**Work item:**
Write down exactly the lines from the one below that has "Used /vintage ?" to the end of the data, both ends included; the pictures should not appear in your copy.

**Data for this task:**
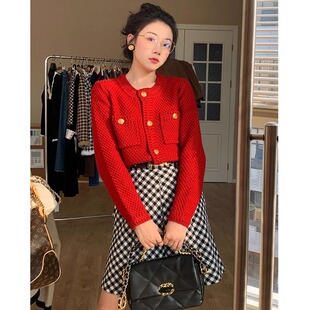 新年红色毛衣女秋冬高级感超好看小香风宽松短款针织开衫外套上衣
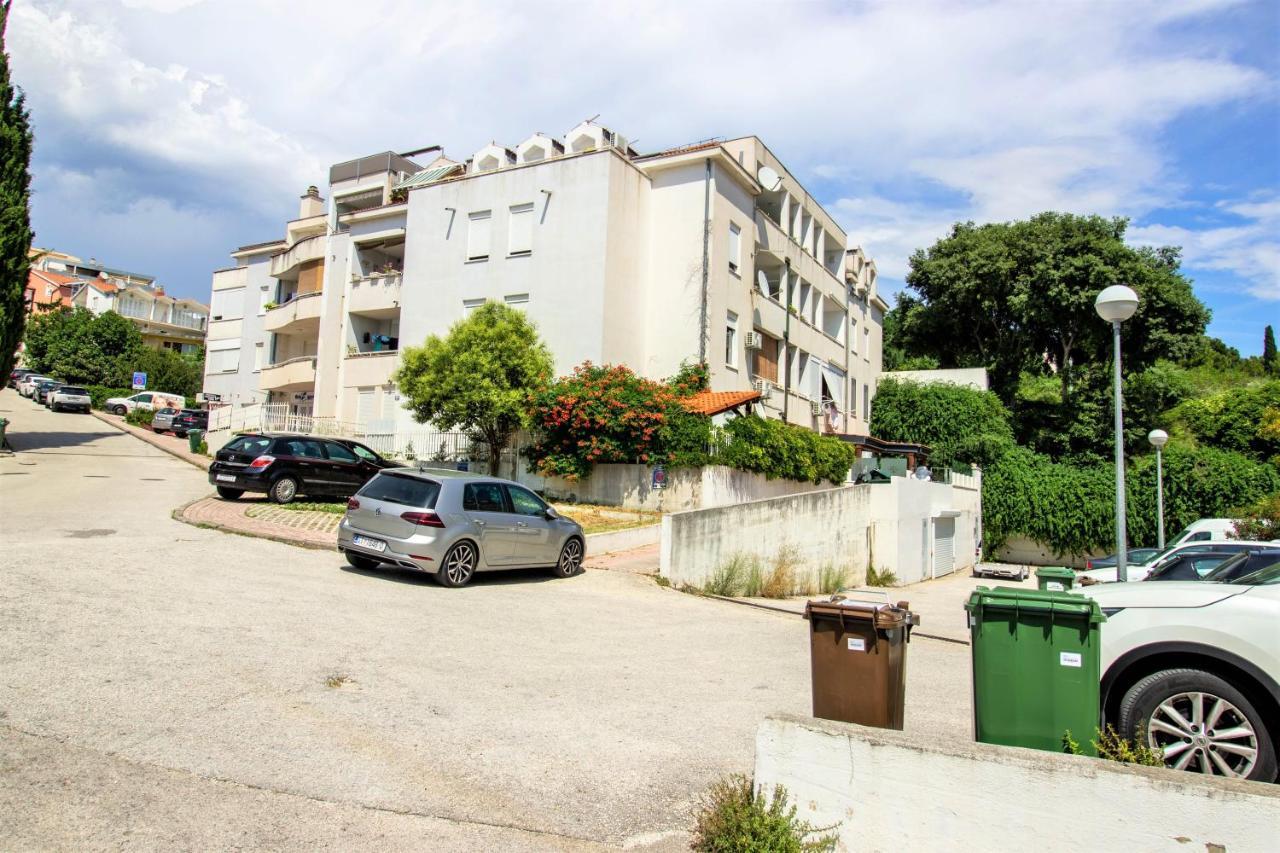 Modern Oasis Private Parking Apartman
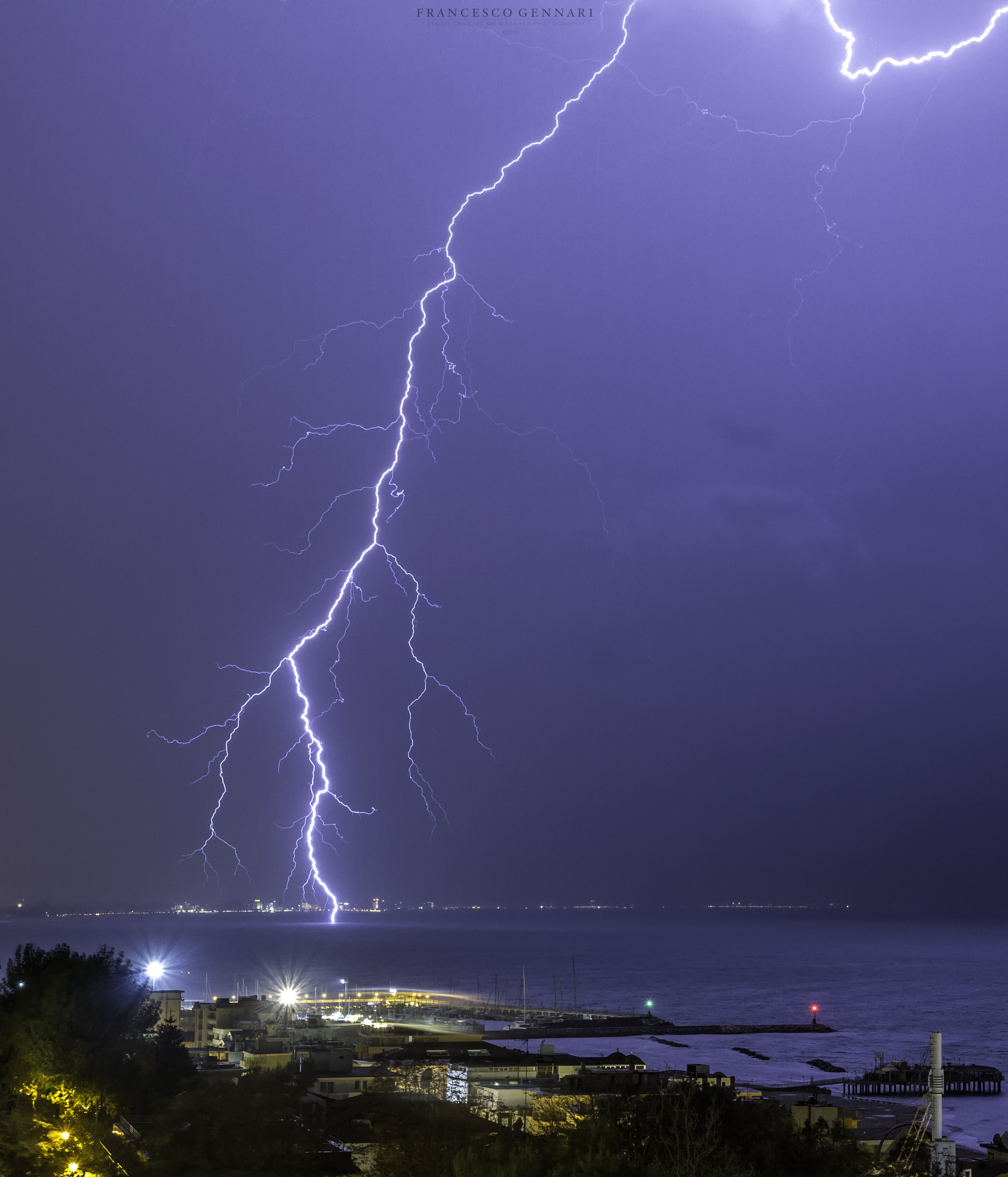 Tamron SP AF 17-50mm F2.8 XR Di II LD Aspherical (IF) sample photo. A skyscraper lightning photography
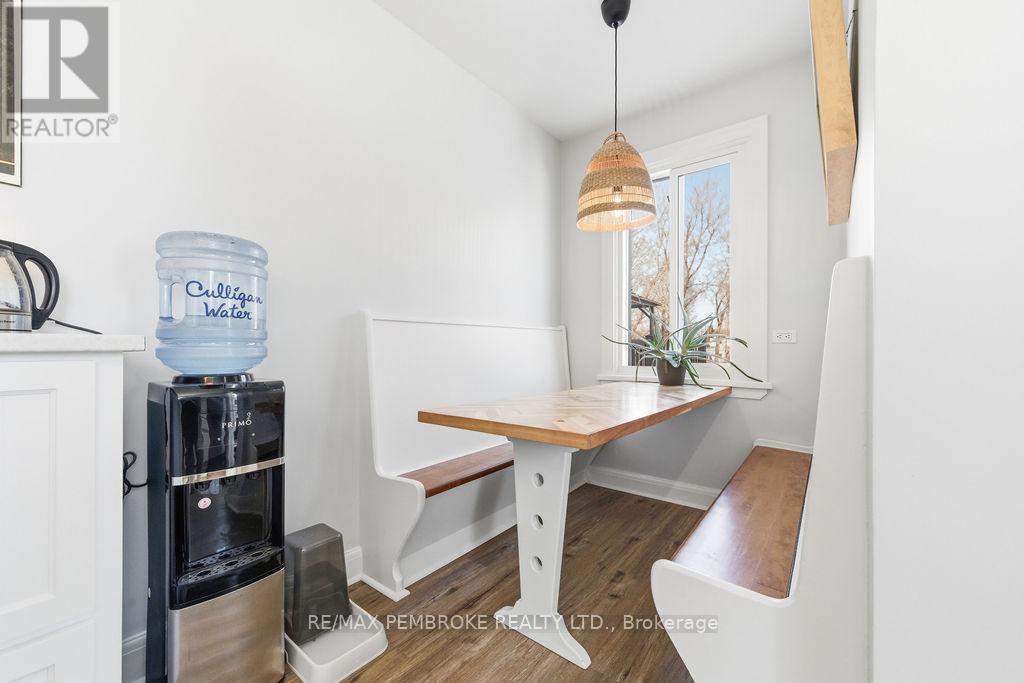 277 Dickson Street, Pembroke, Ontario  K8A 2X4 - Photo 15 - X12914878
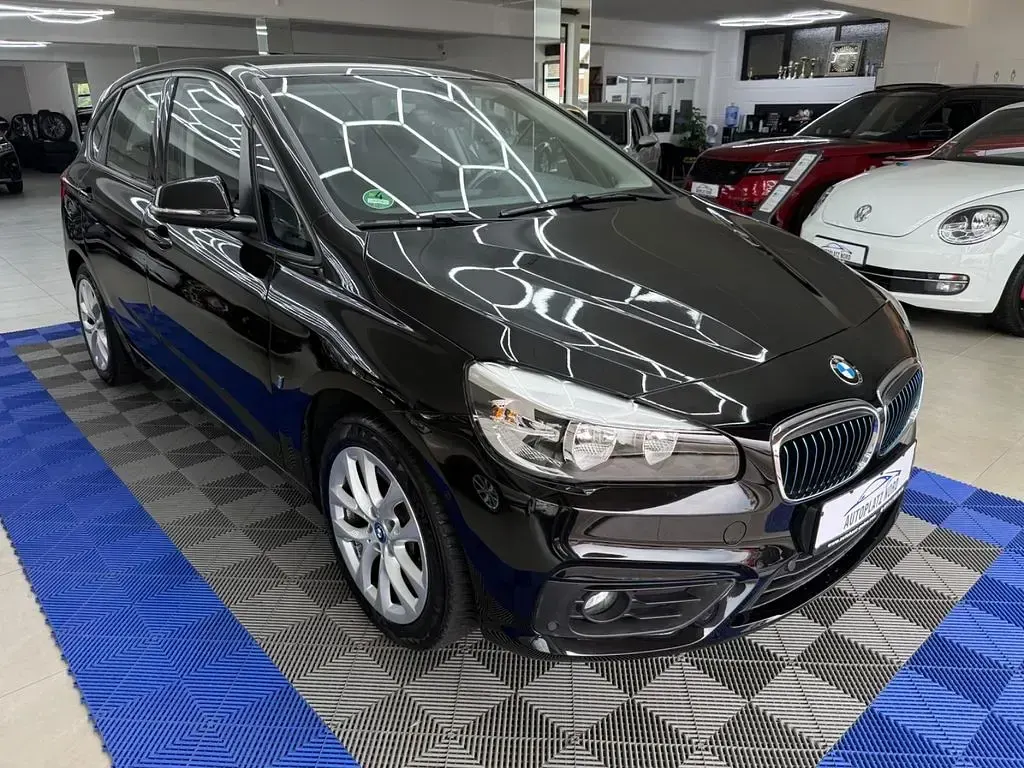 Gebraucht BMW 225 Active Tourer Advantage 136 PS (100 kW) 2018 Schwarz Van / Kleinbus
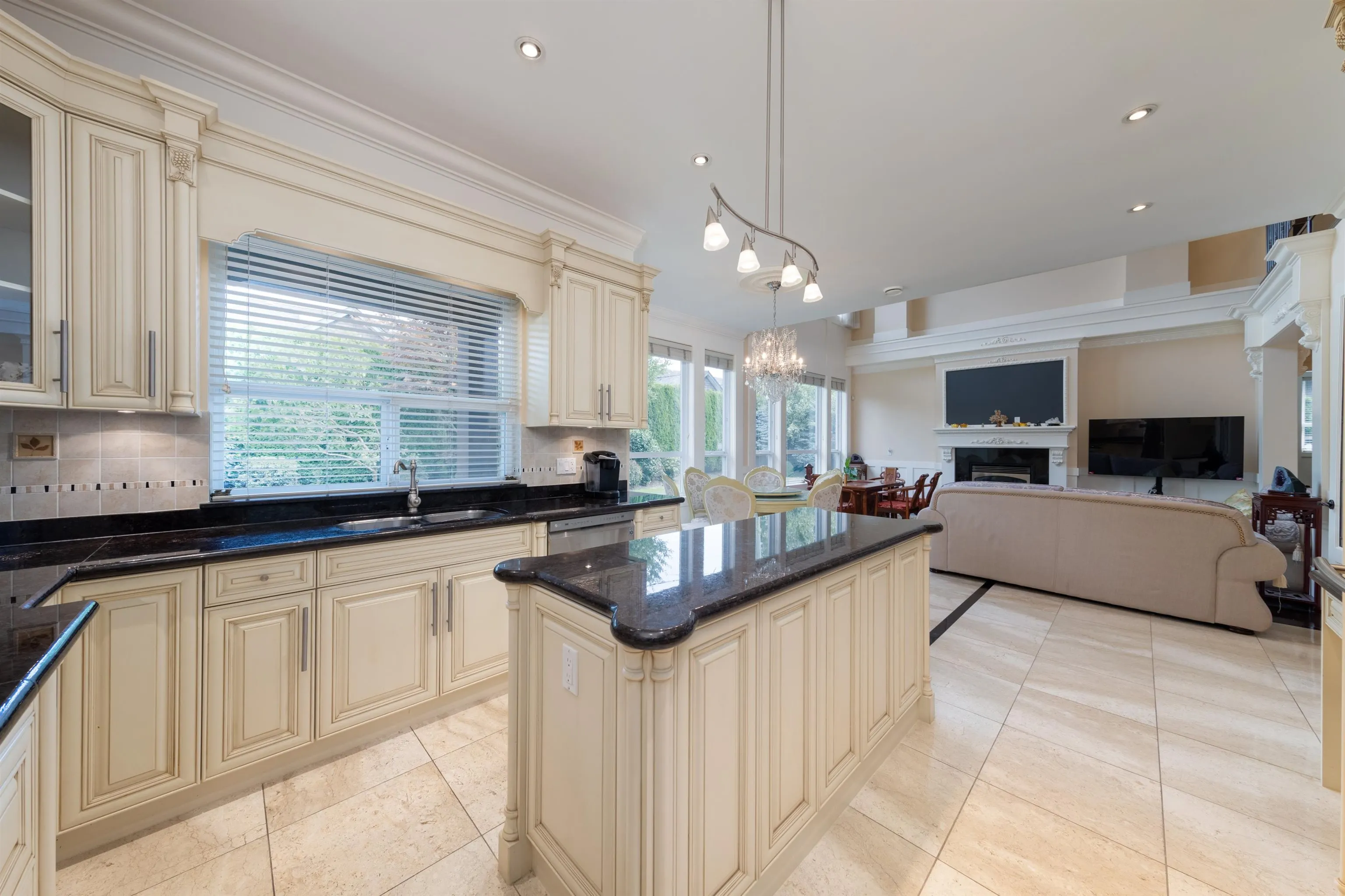 7791 Sunnymede Crescent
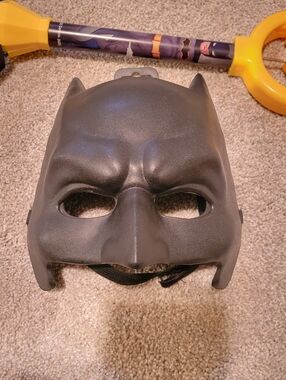 DC Batman-Inspired Kids Mask - Classic Hero Look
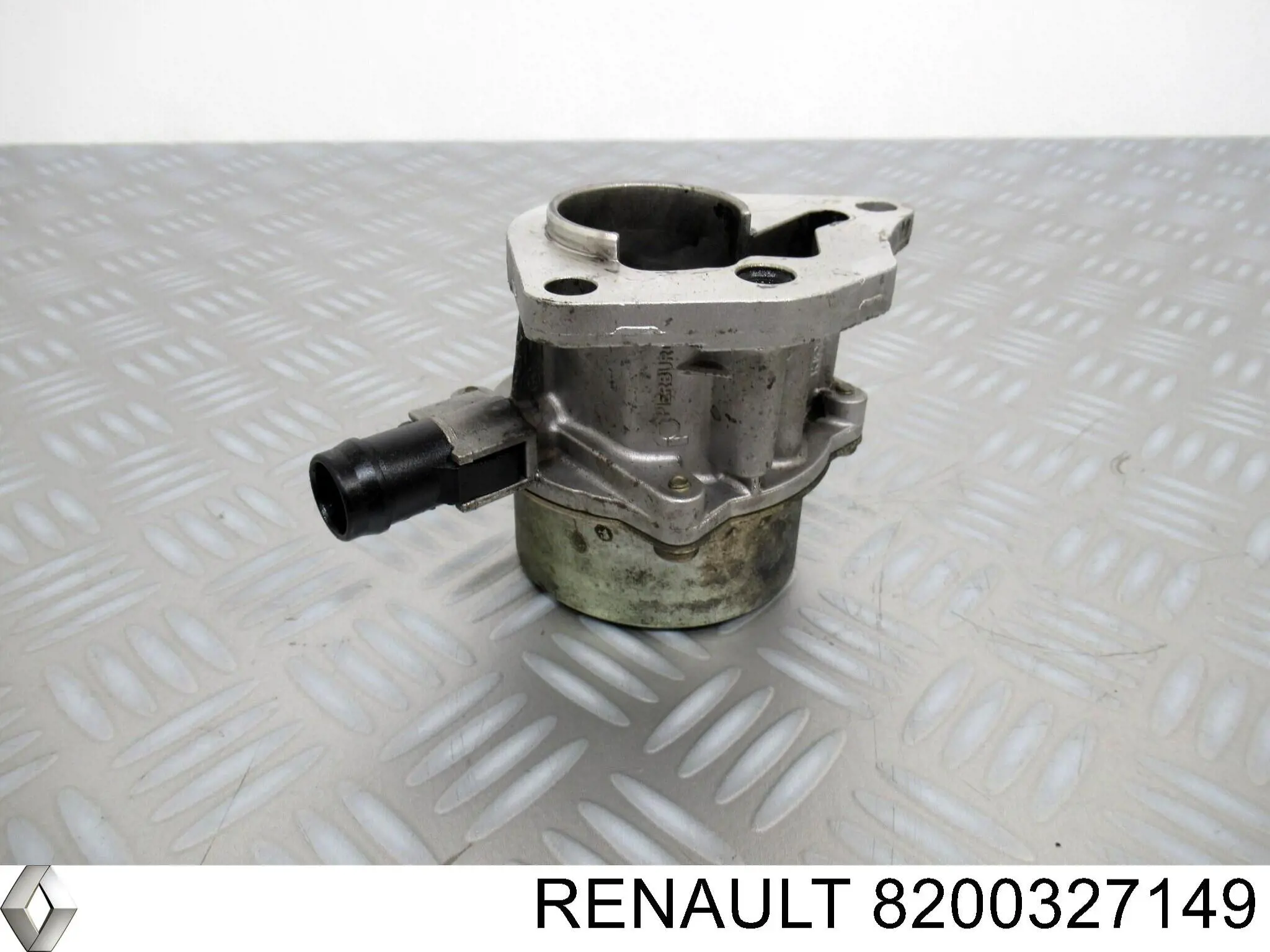 Bomba de vacío 8200327149 Renault (RVI)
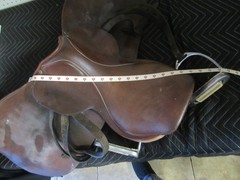 Used /vintage ? saddle unknown. Read description for details.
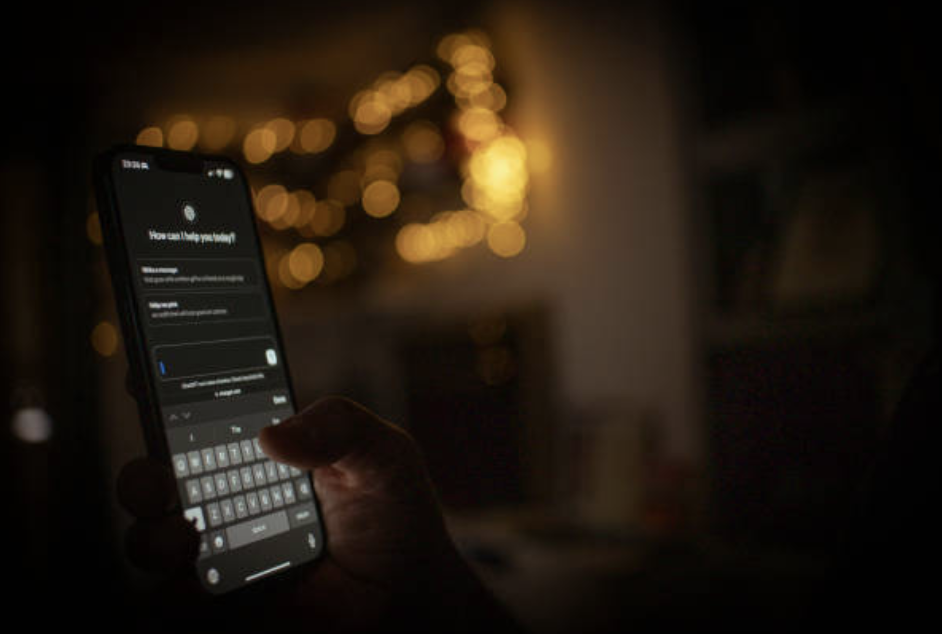 새 연구들에 따르면 LLM이 더 널리 사용됨에 따라, 이는 기존의 편향과 해악을 영속화할 뿐만 아니라 증폭시킬 수도 있다고 한다. © Getty Images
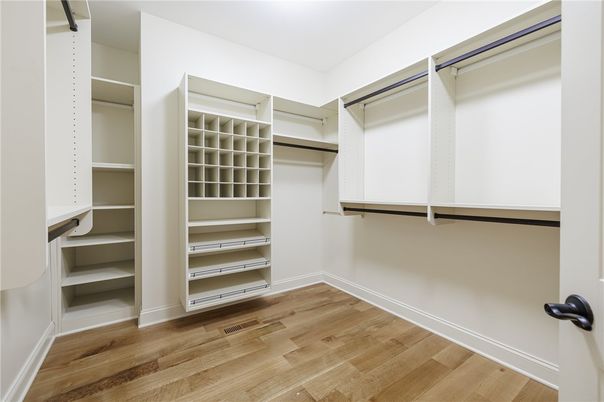 Interior, Walk-in Closets, Wood Texture Flooring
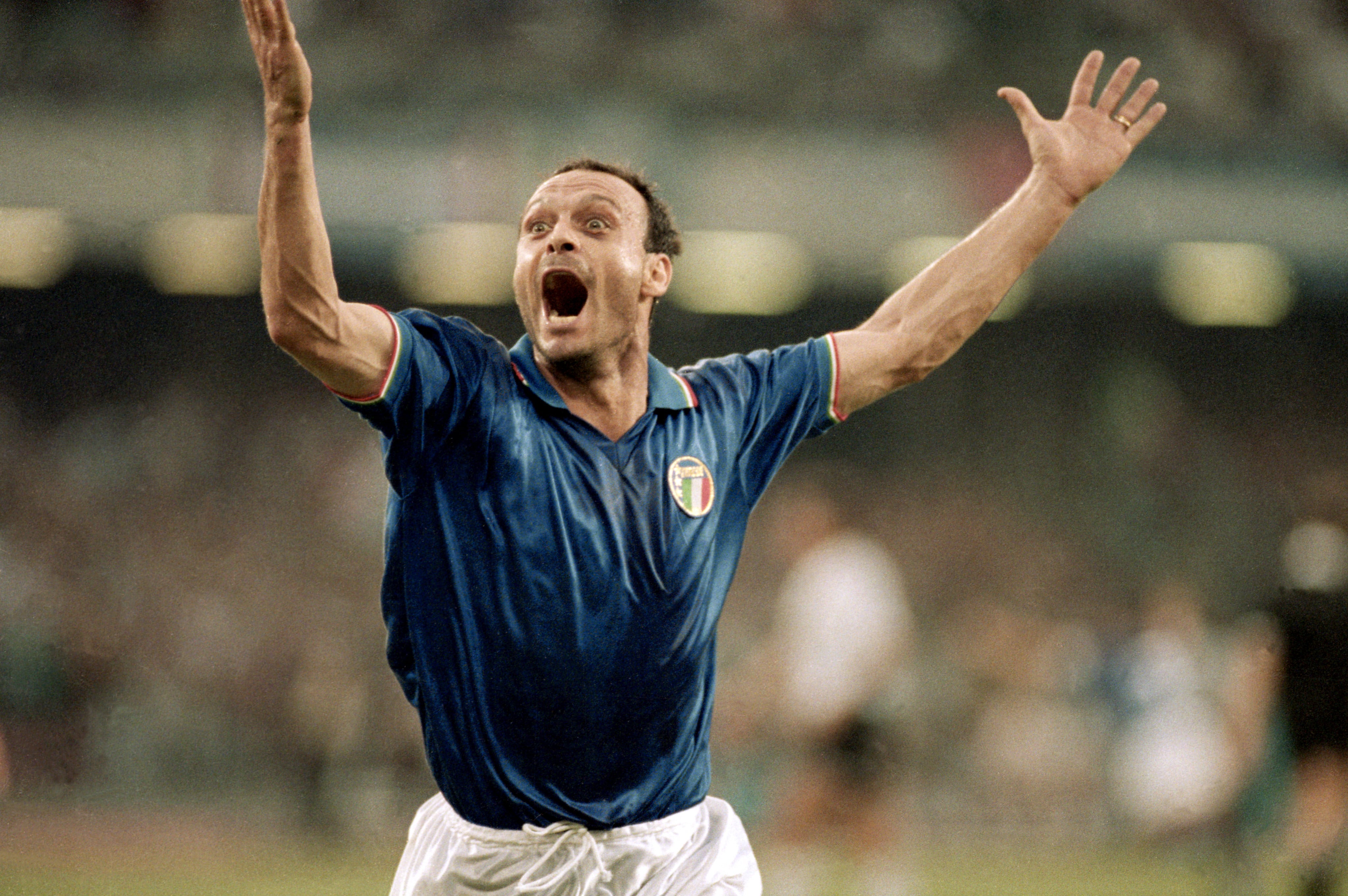 Salvatore Schillaci celebra uno de sus goles en el Mundial de 1990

**Written response:**
 Used /vintage ? saddle unknown. Read description for details.
 새 연구들에 따르면 LLM이 더 널리 사용됨에 따라, 이는 기존의 편향과 해악을 영속화할 뿐만 아니라 증폭시킬 수도 있다고 한다. © Getty Images
 Interior, Walk-in Closets, Wood Texture Flooring
 Salvatore Schillaci celebra uno de sus goles en el Mundial de 1990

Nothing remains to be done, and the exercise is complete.